1967年愛知県生まれ。東京水産大学大学院水産学研究科修了。

専門分野:食品化学。

主な研究テーマ:食品加工に関する研究、次世代型機能性食品の創製、生物資源の高度有効利用

主な著書:水産加工食品「食品加工技術概論」(共著)恒星社厚生閣、北海道が誇るかまぼこ製造開発技術(単著)道民カレッジ 大学放送講座実行委員会、生活習慣病と食品の機能(編著書)水産社、驚異の水産物パワー(編著書)水産社他多数

本学オホーツクキャンパスのある北海道網走市は道内屈指の観光地である。
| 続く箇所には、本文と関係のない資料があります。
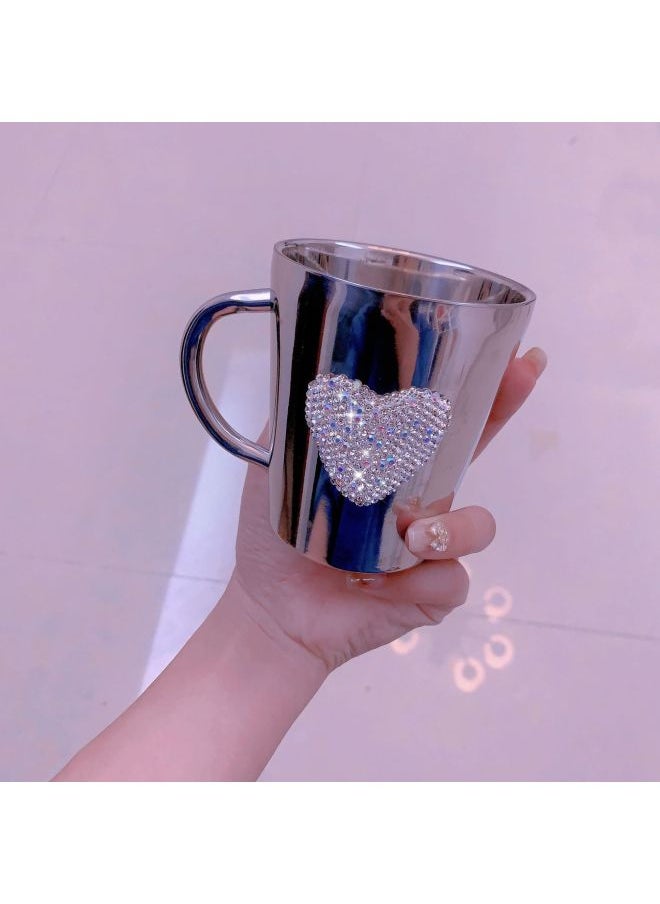 Creative Ins Diamond-encrusted Love Water Cup High-value 304 Stainless Steel Coffee Cup Portable Office Home Mug-Color:XZ9100 Diamond Love Stainless Steel Water Cup-Capacity:201-300ml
「食」は観光にとって重要な要素だが、当地では高品質な食料資源が多量に生産されるにもかかわらず、これらを最大限活用した食品加工はほとんど行われていなかった。そこで、私は特産のスケトウダラすり身などを使ったスイーツを開発し、技術移転によって昨年末「おさかなクン」として商品化された。その開発の経緯を振り返り、今後の地域活性化への戦略を考えたい。

「食」を観光の大きな魅力に

私が本学に赴任した6年前、女満別空港に降り立って、すぐ空港内の売店をのぞいてみた。そこで、観光客が好んで購入していたのは、札幌や帯広などで製造・販売している「スイーツ」が多く、オホーツク地域特産の土産品はほとんどなかった。「是非、オホーツクを誇れる土産品を開発したい」と思ったのは、そのときである。
 景気の低迷は地域経済への影響も大きく、北海道の観光入込客数は平成11年度の5,149万人をピークに伸び悩んでいる。地域別にみた場合、オホーツク地区の減少が著しく、平成11年度の入込客数を100とすると、道内でも最も低く70.2まで落ち込んでいる。R日本交通公社がまとめた「旅行者動向2008」によると、「グルメ旅行」や「自然観光」では北海道が他の地域を大きく引き離して旅行先に選ばれており、今後も「食」や「自然」が北海道観光の大きな魅力となり続けることは間違いない。

ねり業界の活性化が急務

網走市は、オホーツク海に面した北海道北東部に位置し、網走国定公園の湖沼をもつ水産業・農畜産業・観光業に秀でた街である。網走市の沿岸域から知床半島にかけては、世界で最も低緯度で形成される海氷域があり、流氷がもたらす水産資源と流氷による海閉期の休漁期間によって、豊かな水産資源を維持している。現在、網走市は7種類の「ブランド魚」を選定し、市の活性化に向けた販路拡大に取り組んでいる。
 水産業では、新鮮な水産物を加工することなく流通することも重要であるが、低次加工による現在の流通形態では付加価値は上昇しない。地域活性化のためにも観光業との連携を見据えた食品の高次加工が必要となる。
 2008年におけるねり製品生産量は、全国加工品生産量のうち30%を占めている。1959年スケトウダラ冷凍すり身が網走、余市、稚内共同で開発されたことにより、原料魚の処理、水晒しならびに空ずり工程の省略・ねり製品の安定供給が可能となった。そのため生産量も飛躍的に増加し、1975年かまぼこ製品(魚肉ハム・ソーセージは除く)の総生産量は103万トンに達しピークとなるものの、1977年の200海里ショックや近年の消費者の嗜好変化や少子高齢化による市場の縮小、原燃料価格高騰等により2009年には51万トンまで減少し、全盛期の半分以下となった。加工品生産量の中で最も割合の高いねり製品生産量の減少は食品加工業全体への影響も大きく、「網走発祥」の技術継承のためにもねり業界の活性化が急務である。

地の利のスイーツ生産

一方、洋菓子製造に使用されるミルク、バターなどの原料を豊かに産生し、洋菓子製造に適した冷涼な気候をもつ北海道は、新たな洋菓子文化を発進し続けている。全国にその名を馳せる銘菓も多く、全国各地のデパートで開催される北海道物産展の主役も今や「スイーツ」である。札幌ではスイーツの普及促進を図り、北海道経済に新たな活力を生み出したいとスイーツ王国さっぽろ推進協議会を設立し、企業、行政、市民が連携し北海道が誇る食文化を確立しようとしている。従来から行われている「泥臭い」モノ作りではなく、地の利を活かし、現代の消費者ニーズに対応し得る加工食品を開発・商品化することが地域経済活性化の鍵となる。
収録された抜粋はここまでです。